Awe arises from diverse stimuli, from breathtaking landscapes to extraordinary human abilities, evoking amazement and wonder. Keltner and Haidt (2003) identify five themes shaping awe experiences: threat, beauty, ability, virtue, and supernatural encounters

Threats and dangers, such as natural disasters or human atrocities, evoke awe through fear (Gorden et al., 2017). Beautiful scenes, like majestic mountains or views of Earth from space, provoke awe by inducing a sense of smallness and requiring mental accommodation. Mental accommodation refers to the adjustment of an individual’s cognitive approach to understand and process information(Shiota et al., 2007; Schaffer et al., 2023). Witnessing exceptional abilities can also trigger awe, as seen in extraordinary performances, prompting admiration or a need for mental accommodation (Graziosi & Yaden, 2021; Keltner & Haidt, 2003).

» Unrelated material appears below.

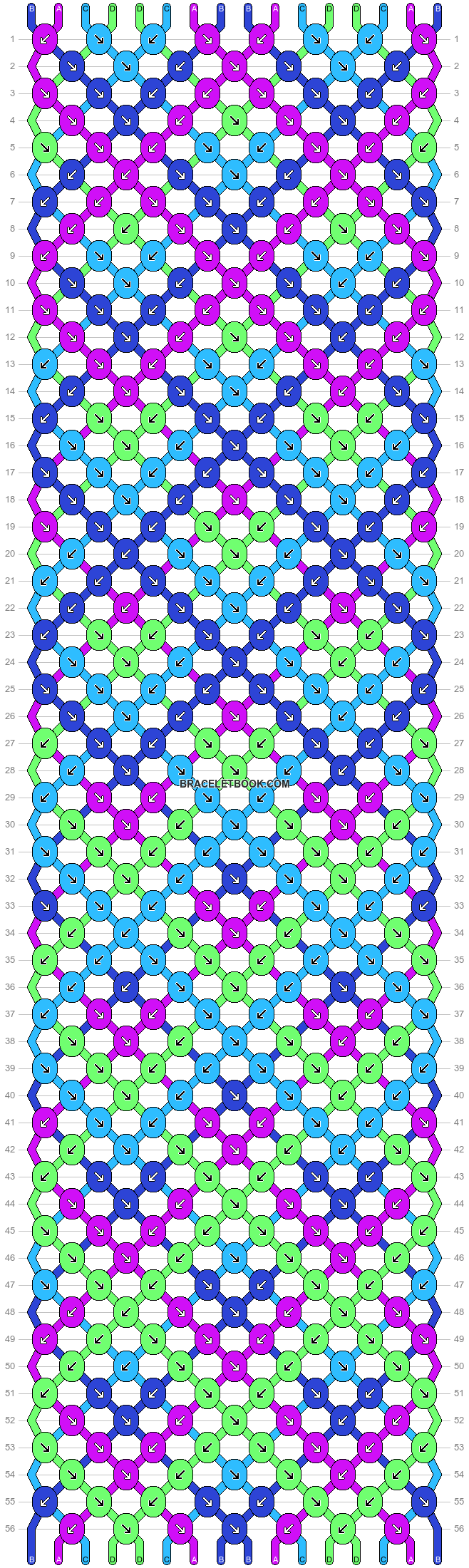 Normal pattern #72085 variation #132476 pattern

Virtue, displayed through acts of nobility or kindness, elicits awe by elevating experiences to moral beauty and inspiring personal growth (Graziosi & Yaden, 2021). Supernatural awe, traditionally linked to spiritual or divine experiences, involves encounters with unimaginable phenomena, challenging existing mental schemas and prompting accommodation (Hendricks, 2018; Angyal, 1941). Such experiences broaden perspectives and transform self-concepts (Preston & Shin, 2017).

While supernatural-based awe is challenging to study in the real world, mediated technologies like digital games and VR offer alternative avenues for experiencing awe. Through various stimuli and immersive experiences, these technologies facilitate encounters with awe, enriching human understanding and exploration of this complex emotion.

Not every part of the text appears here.